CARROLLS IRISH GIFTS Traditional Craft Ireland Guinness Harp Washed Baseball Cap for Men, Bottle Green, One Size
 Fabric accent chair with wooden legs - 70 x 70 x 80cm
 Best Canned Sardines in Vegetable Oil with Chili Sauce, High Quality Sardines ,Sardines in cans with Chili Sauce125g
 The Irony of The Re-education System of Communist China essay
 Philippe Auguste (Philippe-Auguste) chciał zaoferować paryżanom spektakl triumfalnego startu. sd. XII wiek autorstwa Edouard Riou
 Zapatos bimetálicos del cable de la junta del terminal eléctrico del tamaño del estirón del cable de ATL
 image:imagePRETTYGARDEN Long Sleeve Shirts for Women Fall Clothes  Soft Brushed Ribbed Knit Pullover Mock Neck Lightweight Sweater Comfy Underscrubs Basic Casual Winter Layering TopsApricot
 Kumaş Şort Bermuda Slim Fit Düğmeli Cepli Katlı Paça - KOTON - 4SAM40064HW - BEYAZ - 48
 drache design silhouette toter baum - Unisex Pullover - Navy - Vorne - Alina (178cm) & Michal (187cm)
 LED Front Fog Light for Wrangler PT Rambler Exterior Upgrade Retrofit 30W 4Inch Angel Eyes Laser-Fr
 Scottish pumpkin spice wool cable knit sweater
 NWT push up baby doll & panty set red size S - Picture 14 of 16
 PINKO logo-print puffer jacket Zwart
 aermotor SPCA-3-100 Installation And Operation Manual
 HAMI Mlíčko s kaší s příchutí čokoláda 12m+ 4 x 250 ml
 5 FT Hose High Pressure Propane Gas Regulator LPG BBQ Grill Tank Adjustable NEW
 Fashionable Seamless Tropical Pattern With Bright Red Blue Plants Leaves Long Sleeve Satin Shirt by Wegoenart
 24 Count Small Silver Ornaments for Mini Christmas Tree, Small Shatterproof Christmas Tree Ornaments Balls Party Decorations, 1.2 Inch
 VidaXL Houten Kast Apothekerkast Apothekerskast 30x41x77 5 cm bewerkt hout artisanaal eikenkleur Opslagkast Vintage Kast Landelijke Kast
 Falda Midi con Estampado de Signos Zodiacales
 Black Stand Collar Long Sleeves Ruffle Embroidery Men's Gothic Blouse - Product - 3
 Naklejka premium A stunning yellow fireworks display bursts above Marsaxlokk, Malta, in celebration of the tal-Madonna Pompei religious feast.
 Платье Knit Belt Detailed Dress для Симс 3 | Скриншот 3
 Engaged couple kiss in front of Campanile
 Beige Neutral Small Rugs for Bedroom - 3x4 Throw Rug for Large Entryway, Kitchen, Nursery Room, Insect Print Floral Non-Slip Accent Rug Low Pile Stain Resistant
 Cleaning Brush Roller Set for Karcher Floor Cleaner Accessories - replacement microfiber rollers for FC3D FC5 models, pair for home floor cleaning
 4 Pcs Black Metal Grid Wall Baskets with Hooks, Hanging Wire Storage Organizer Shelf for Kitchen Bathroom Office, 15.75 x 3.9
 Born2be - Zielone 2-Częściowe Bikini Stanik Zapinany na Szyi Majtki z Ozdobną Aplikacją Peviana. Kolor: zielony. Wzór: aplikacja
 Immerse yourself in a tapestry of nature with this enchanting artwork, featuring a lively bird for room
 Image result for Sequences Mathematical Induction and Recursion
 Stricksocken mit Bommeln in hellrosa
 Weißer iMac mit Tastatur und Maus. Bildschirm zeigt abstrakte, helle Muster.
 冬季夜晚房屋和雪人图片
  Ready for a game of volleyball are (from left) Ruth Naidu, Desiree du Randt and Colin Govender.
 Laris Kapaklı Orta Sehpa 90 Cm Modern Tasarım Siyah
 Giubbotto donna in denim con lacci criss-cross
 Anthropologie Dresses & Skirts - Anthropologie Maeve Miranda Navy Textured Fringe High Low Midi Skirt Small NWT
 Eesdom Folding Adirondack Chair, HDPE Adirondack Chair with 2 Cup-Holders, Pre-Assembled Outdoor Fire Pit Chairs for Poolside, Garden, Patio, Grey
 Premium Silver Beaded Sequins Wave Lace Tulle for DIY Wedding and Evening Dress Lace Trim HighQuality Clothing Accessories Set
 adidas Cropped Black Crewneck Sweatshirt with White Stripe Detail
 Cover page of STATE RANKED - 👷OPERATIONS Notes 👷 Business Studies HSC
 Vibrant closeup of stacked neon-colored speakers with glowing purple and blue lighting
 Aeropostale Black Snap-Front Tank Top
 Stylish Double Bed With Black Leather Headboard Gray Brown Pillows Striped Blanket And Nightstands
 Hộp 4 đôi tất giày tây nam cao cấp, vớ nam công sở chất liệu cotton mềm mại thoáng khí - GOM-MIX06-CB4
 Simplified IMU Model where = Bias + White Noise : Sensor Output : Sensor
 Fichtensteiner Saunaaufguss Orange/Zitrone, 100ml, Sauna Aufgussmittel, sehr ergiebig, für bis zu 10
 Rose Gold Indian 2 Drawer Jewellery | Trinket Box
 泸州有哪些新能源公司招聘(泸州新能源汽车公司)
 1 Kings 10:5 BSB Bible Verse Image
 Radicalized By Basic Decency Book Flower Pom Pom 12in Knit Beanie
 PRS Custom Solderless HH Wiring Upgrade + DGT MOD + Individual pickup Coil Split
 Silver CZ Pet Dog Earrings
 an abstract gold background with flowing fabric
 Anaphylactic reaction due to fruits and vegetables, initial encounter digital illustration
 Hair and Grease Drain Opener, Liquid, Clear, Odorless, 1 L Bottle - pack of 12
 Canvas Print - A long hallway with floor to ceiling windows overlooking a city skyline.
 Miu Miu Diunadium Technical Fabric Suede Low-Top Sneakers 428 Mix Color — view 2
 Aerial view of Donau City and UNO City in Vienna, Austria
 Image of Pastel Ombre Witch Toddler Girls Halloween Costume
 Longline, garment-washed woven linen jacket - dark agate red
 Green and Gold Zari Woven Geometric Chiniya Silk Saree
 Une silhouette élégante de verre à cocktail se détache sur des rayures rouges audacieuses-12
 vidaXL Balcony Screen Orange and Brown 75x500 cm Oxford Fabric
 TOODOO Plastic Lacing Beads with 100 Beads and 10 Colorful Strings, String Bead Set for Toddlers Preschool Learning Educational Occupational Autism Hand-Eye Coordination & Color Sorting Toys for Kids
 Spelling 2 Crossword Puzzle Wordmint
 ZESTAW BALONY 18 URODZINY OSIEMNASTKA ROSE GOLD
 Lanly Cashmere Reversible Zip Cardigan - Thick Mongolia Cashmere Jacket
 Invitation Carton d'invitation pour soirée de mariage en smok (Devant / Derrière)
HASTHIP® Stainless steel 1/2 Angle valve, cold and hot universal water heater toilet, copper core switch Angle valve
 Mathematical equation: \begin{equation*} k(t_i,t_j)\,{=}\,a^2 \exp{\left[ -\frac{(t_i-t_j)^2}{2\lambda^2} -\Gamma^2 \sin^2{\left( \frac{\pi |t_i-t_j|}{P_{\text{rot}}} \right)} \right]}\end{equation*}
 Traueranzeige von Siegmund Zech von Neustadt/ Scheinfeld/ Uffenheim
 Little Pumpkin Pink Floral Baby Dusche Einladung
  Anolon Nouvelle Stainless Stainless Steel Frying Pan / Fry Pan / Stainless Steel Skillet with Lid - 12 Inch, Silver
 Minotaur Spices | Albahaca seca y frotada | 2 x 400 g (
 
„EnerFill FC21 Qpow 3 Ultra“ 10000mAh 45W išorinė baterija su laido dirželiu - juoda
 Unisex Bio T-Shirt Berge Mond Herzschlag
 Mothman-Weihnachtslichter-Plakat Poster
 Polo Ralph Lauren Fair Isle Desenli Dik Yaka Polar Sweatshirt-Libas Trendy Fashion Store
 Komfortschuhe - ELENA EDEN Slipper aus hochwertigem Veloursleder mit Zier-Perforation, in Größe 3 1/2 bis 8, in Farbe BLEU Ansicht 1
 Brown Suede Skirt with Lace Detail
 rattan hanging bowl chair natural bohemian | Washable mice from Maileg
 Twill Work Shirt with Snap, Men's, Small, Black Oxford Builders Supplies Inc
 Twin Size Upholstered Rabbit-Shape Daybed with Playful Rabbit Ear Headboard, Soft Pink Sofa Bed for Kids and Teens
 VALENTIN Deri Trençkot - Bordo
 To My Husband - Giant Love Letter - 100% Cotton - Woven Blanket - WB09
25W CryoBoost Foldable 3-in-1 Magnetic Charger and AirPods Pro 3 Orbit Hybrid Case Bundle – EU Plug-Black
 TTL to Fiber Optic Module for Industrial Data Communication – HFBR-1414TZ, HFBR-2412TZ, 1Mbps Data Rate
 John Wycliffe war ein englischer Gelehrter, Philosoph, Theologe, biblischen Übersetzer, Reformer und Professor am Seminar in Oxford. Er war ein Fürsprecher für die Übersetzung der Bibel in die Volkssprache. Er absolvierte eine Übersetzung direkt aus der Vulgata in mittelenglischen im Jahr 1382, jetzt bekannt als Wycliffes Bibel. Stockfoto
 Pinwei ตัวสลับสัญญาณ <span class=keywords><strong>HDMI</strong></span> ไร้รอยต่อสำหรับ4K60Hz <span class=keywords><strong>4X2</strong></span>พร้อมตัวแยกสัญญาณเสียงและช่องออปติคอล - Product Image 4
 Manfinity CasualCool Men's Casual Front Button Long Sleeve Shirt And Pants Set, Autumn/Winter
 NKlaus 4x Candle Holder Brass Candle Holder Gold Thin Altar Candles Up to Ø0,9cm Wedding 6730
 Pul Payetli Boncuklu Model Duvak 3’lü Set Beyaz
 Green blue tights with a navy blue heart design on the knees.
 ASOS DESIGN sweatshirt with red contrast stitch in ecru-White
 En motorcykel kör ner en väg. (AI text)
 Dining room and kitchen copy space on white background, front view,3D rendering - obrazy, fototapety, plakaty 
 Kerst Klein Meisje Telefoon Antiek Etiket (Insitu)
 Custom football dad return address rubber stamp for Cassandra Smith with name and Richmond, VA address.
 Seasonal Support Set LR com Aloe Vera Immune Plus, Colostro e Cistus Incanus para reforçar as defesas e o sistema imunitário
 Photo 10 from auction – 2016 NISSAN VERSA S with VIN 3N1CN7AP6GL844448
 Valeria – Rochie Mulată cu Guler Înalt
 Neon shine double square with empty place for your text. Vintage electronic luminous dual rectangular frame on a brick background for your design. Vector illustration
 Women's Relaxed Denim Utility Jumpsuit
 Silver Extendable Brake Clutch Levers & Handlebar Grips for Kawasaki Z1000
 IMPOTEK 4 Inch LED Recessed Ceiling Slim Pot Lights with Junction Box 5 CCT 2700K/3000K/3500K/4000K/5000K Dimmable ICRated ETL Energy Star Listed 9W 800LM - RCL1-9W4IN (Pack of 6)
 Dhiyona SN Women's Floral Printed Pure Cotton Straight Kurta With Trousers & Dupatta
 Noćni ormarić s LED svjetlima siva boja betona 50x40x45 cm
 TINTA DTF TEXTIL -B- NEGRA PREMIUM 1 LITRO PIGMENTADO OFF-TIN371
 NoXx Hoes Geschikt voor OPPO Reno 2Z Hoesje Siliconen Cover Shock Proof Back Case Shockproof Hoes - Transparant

## [Task directions]
On how many lines above does the word "Kids" appear? Answer with that figure only.

## [Response area]
2